Caption-style text data:
▽
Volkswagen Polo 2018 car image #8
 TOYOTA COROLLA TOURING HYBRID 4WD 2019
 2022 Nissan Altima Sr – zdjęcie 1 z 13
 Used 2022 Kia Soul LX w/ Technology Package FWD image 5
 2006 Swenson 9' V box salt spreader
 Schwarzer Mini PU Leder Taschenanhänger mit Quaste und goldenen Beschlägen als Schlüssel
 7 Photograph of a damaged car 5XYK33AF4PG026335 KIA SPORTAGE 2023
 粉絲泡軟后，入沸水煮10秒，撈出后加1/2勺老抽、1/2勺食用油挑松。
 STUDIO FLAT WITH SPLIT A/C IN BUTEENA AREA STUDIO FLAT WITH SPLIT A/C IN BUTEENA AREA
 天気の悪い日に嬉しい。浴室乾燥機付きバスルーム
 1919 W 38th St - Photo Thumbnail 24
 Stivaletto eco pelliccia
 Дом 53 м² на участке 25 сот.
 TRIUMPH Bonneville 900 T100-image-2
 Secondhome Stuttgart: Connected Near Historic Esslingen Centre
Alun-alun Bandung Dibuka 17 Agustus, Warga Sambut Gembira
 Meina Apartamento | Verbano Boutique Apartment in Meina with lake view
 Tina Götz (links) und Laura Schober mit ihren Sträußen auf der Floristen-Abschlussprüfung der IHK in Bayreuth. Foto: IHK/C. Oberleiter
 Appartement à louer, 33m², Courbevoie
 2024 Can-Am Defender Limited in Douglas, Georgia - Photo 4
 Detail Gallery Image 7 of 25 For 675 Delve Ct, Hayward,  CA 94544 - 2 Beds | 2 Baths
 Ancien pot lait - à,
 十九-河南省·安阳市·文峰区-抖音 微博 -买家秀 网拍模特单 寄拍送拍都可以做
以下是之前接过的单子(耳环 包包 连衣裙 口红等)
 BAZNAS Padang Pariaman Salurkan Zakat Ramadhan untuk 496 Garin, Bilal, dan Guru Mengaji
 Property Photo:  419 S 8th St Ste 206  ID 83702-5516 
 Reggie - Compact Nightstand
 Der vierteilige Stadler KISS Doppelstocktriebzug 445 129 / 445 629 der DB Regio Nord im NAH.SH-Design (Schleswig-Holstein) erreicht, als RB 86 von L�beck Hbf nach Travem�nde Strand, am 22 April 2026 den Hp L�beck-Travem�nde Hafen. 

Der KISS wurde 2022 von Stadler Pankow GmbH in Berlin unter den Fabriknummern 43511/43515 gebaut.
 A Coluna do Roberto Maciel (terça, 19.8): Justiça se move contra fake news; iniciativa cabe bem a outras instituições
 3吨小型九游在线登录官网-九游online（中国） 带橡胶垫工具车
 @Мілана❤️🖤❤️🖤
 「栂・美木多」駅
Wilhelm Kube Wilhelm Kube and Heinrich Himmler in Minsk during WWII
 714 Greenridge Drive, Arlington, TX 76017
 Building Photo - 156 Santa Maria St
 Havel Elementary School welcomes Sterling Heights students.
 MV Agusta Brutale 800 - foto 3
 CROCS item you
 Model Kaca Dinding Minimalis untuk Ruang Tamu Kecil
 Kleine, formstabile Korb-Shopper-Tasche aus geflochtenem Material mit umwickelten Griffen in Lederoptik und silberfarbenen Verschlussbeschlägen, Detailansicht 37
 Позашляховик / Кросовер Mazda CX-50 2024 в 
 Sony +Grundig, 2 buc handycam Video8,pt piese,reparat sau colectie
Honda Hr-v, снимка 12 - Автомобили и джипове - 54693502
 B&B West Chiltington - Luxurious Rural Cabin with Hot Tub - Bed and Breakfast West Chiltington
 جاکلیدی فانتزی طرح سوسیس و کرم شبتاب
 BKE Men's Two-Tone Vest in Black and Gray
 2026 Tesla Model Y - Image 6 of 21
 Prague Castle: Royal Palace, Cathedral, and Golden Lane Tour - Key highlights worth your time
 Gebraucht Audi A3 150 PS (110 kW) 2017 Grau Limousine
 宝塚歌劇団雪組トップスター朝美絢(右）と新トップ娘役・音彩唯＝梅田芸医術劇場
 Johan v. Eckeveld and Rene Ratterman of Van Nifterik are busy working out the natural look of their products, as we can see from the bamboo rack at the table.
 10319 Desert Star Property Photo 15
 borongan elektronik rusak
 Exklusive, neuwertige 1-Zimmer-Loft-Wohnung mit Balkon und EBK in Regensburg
△
- [What you need to do] The entries above hold the needed span. Transcribe exactly the lines from the one with "Building Photo - 156 Santa Maria St" to the one with "宝塚歌劇団雪組トップスター朝美絢(右）と新トップ娘役・音彩唯＝梅田芸医術劇場", both included.

- [Expected output]
 Building Photo - 156 Santa Maria St
 Havel Elementary School welcomes Sterling Heights students.
 MV Agusta Brutale 800 - foto 3
 CROCS item you
 Model Kaca Dinding Minimalis untuk Ruang Tamu Kecil
 Kleine, formstabile Korb-Shopper-Tasche aus geflochtenem Material mit umwickelten Griffen in Lederoptik und silberfarbenen Verschlussbeschlägen, Detailansicht 37
 Позашляховик / Кросовер Mazda CX-50 2024 в 
 Sony +Grundig, 2 buc handycam Video8,pt piese,reparat sau colectie
Honda Hr-v, снимка 12 - Автомобили и джипове - 54693502
 B&B West Chiltington - Luxurious Rural Cabin with Hot Tub - Bed and Breakfast West Chiltington
 جاکلیدی فانتزی طرح سوسیس و کرم شبتاب
 BKE Men's Two-Tone Vest in Black and Gray
 2026 Tesla Model Y - Image 6 of 21
 Prague Castle: Royal Palace, Cathedral, and Golden Lane Tour - Key highlights worth your time
 Gebraucht Audi A3 150 PS (110 kW) 2017 Grau Limousine
 宝塚歌劇団雪組トップスター朝美絢(右）と新トップ娘役・音彩唯＝梅田芸医術劇場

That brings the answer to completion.